The comparative molecular field analysis steric and electrostatic potential fields were calculated at each lattice intersection of a regularly spaced grid of 2.0. The van dar Waals potential and Columbic terms, these two represent steric and electrostatic fields respectively, and were calculated using the standard Tripo’s force field engine. A distance dependent dielectric constant of 1.00 was used. A sp³ hybridized carbon atom with +1 charge served as probe atom to calculate steric and electrostatic fields. +30.0 kcal/mol steric and electrostatic contributions were truncated. ¹⁸ The cross-validation analysis was performed using leave-one-out method. The cross-validated q² that resulted in optimum number of components and lowest standard error of estimate was taken and also same weights for CoMFA were assigned to steric and electrostatic fields using CoMFA standard scaling option.

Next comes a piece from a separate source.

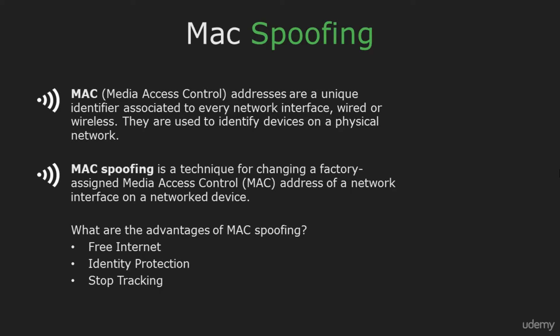And it cannot be changed forever. MAC spoofing is a technique for changing the MAC address that your network interface appears to have. This change is temporary and cannot be permanent.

To speed up the analysis a minimum column filtering value of 2.00 kcal/mol was used for the cross-validation. Further, final analysis was performed to calculate non cross-validated r² using the optimum number of components obtained from the leave one out cross validation analysis. To assess the robustness and statistical confidence we performed bootstrapping analysis by taking 100 runs.

CoMSIA:

In the present study, we analyze the nature of Benzothiazole derivatives using 3D-QSAR (Three-dimensional quantitative structure–activity relationship) analysis. (CoMSIA) Comparative molecular similarity indices analysis was used. In CoMSIA, changes in ligand affinities are directly related to changes in molecular properties. ¹⁹ CoMSIA method is good at describing the intermolecular interactions (steric, electrostatic, hydrophobic, hydrogen bond donor and acceptor) present at the molecular binding site. The method has been used to study the ligand–protein interactions before and has proved to be of good predictivity.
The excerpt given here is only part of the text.